Enfin, si les informations figurant dans la dénonciation avaient été utilisées directement dans la décision de mise en conformité, tant l'intérêt privé du tiers dénonciateur que l'intérêt public de l'autorité s'opposaient à l'intérêt privé du recourant à la consultation de ce document. L'OCIRT a correctement procédé à la pesée des intérêts en refusant l'accès à cette pièce. L'intérêt privé du tiers dénonciateur prime l'intérêt du recourant à cette divulgation dès lors que son contenu n'a pas servi à fonder la demande de mise en conformité précitée. En outre, le recourant n'a pas démontré quel était son intérêt à obtenir copie de la dénonciation ni que celui-ci primerait tant l'intérêt public que l'intérêt privé du dénonciateur. La chambre de céans ne considère pas que celui-là soit déterminant, la dénonciation n'ayant eu pour effet que d'entraîner l'ouverture d'une procédure administrative. C'est l'inspection de son entreprise qui a révélé des carences violant les prescriptions du droit du travail dans l'organisation de celle-ci et entraînant la demande de mise en conformité subséquente. L'office doit en outre être à même de garantir l'anonymat des tiers dans l'exercice de son activité étatique. En effet, les informations recueillies par ce biais lui permettent d'initier des contrôles visant à s'assurer du respect des règles en matière de protection de la santé au travail, nécessaires du point de vue de l'intérêt public.

Au demeurant, les accusations de représailles de la part de l'OCIRT, évoquées par le recourant à son encontre, ne sont pas fondées, l'autorité intimée ayant transmis par courrier le rapport d'inspection retiré par erreur du dossier administratif et spontanément prolongé le délai imparti au recourant pour se mettre en conformité.

Au vu de ce qui précède, le recours est entièrement mal fondé et doit être rejeté.

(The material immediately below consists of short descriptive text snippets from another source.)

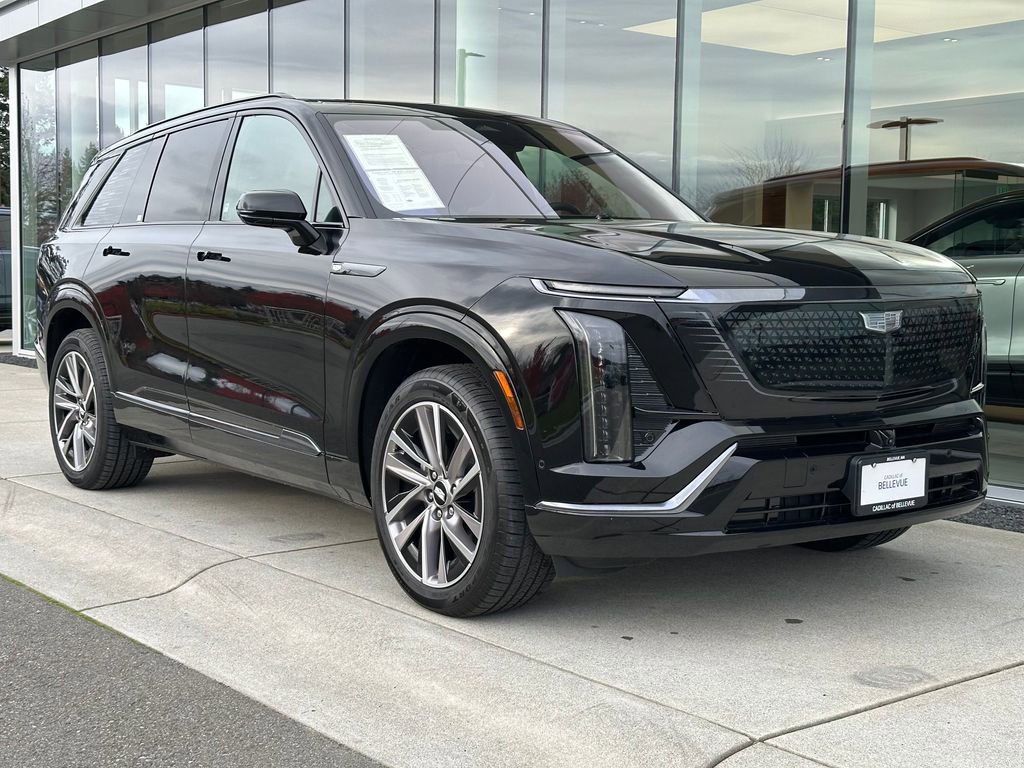 Used 2026 Cadillac Vistiq Sport image 7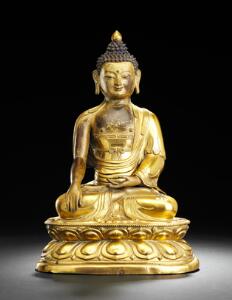Forgyldt kobber repousse Sakyamuni buddha. Sino-Tibet, 18.-19 årh. H. 37 cm.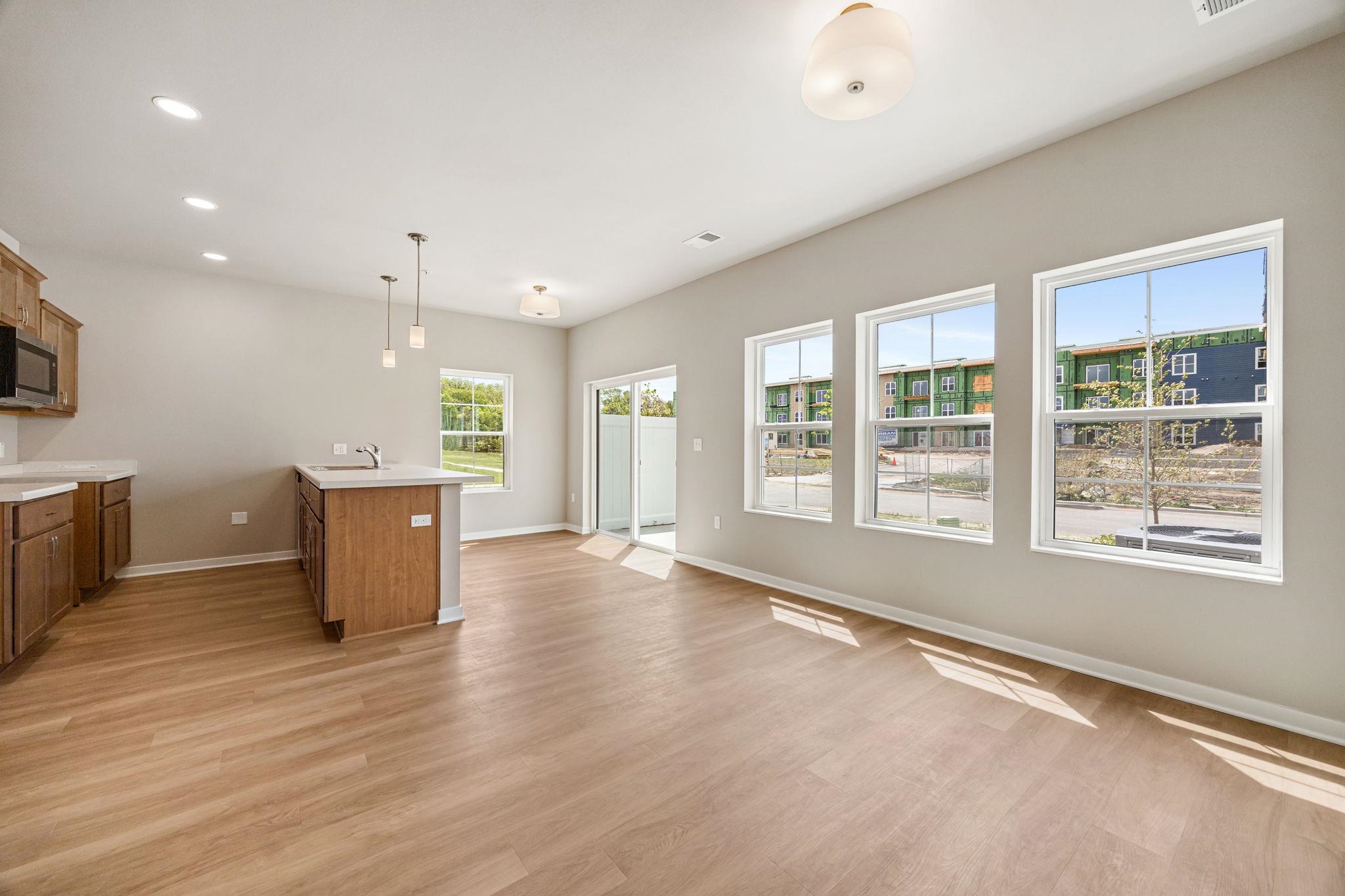 1364 Marigold Fort, Unit 1 Fort Atkinson, WI 53538 - Photo 6 of 65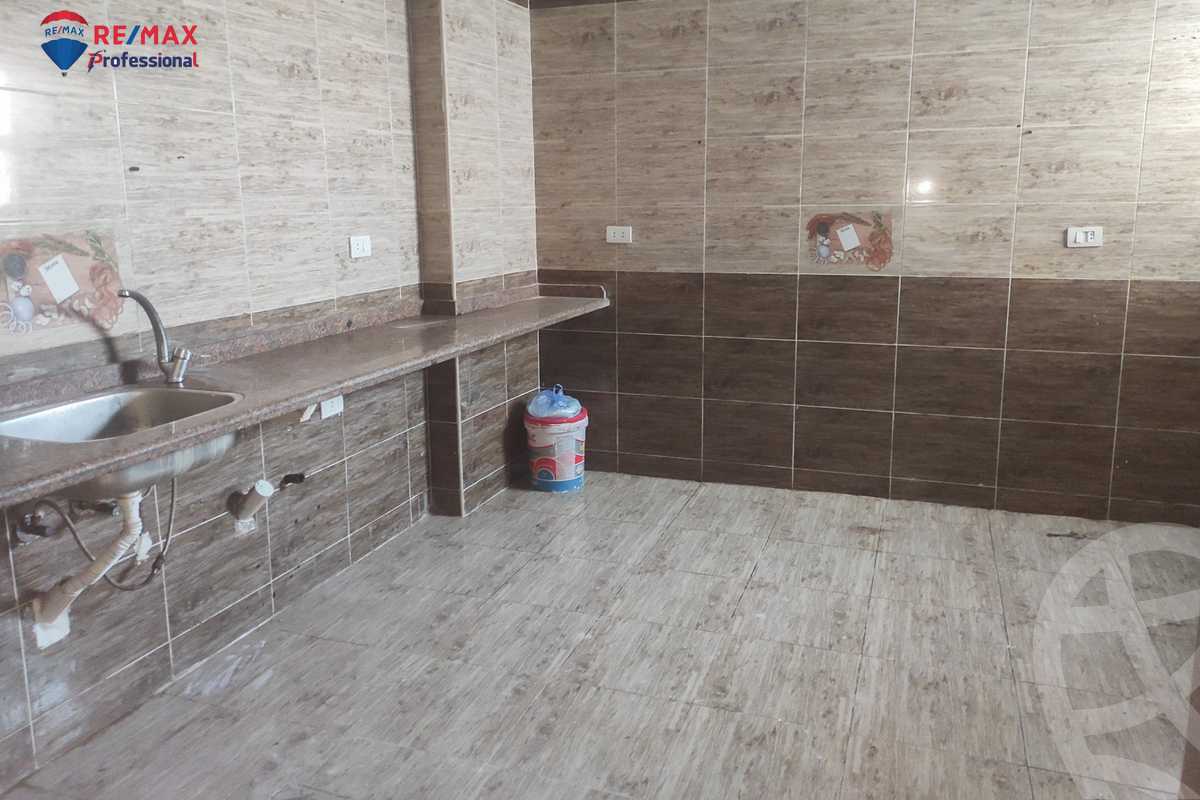 https://aqarmap.com.eg/en/listing/4284400-for-rent-alexandria-sporting-abou-quer-st
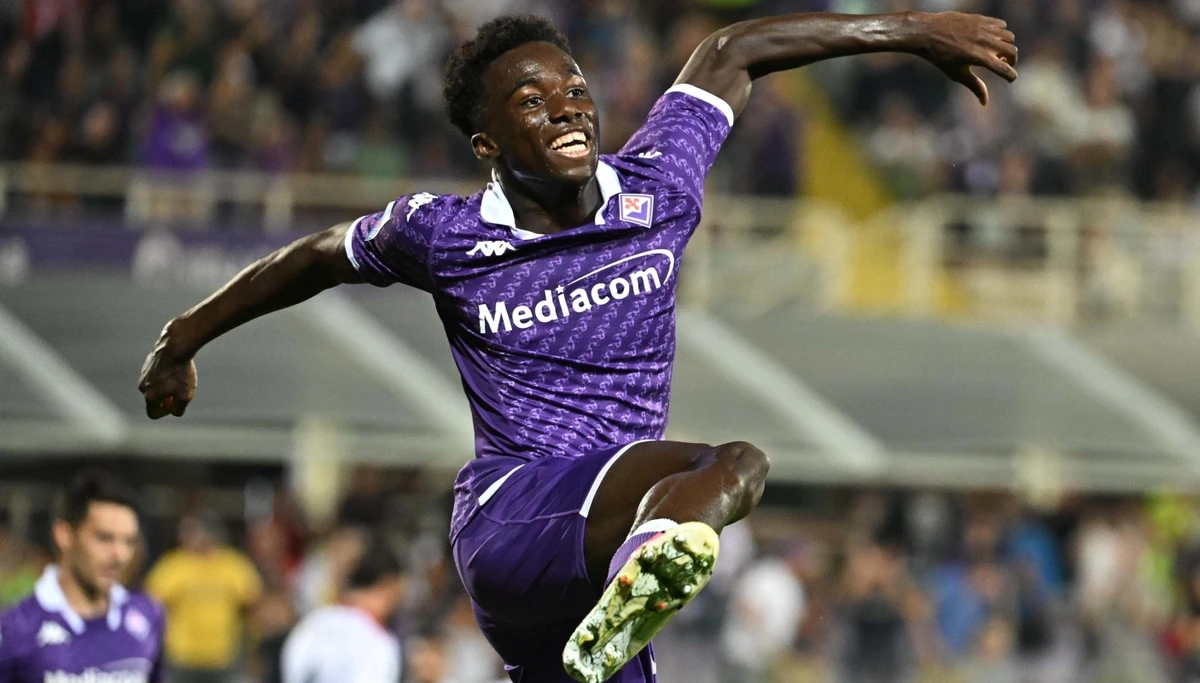 epa10896286 Fiorentina's Michael Kayode celebrates scoring the 2-0 goal during the Italian Serie A soccer match between ACF Fiorentina and Cagliari Calcio in Florence, Italy, 02 October 2023. EPA-EFE/CLAUDIO GIOVANNINI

6) Un émolument de procédure de CHF 1'000.- sera mis à la charge du recourant, qui succombe (art. 87 al. 2 LPA), et aucune indemnité de procédure ne sera allouée (art. 87 al. 2 LPA).

* * * * *

PAR CES MOTIFS
LA CHAMBRE ADMINISTRATIVE

à la forme :

déclare recevable le recours interjeté le 30 septembre 2019 par Monsieur A______ contre la décision de l'office cantonal de l'inspection et des relations du travail du 19 septembre 2019 ;

au fond :

le rejette ;

met un émolument de CHF 1'000.- à la charge de Monsieur A______ ;

dit qu'il n'est pas alloué d'indemnité ;

dit que, conformément aux art. 82 ss de la loi fédérale sur le Tribunal fédéral du 17 juin 2005 (LTF - RS 173.110), le présent arrêt peut être porté dans les trente jours qui suivent sa notification par-devant le Tribunal fédéral, par la voie du recours en matière de droit public ; le mémoire de recours doit indiquer les conclusions, motifs et moyens de preuve et porter la signature du recourant ou de son mandataire ; il doit être adressé au Tribunal fédéral, 1000 Lausanne 14, par voie postale ou par voie électronique aux conditions de l'art. 42 LTF. Le présent arrêt et les pièces en possession du recourant, invoquées comme moyens de preuve, doivent être joints à l'envoi ;

communique le présent arrêt à Me Malek Adjadj, avocat du recourant, ainsi qu'à l'office cantonal de l'inspection et des relations du travail.

Siégeant : Mme Krauskopf, présidente, Mmes Payot Zen-Ruffinen et Cuendet, juges.

Au nom de la chambre administrative :

la greffière-juriste :

 

 

S. Hüsler Enz

 

 

la présidente siégeant :

 

 

F. Krauskopf

Copie conforme de cet arrêt a été communiquée aux parties.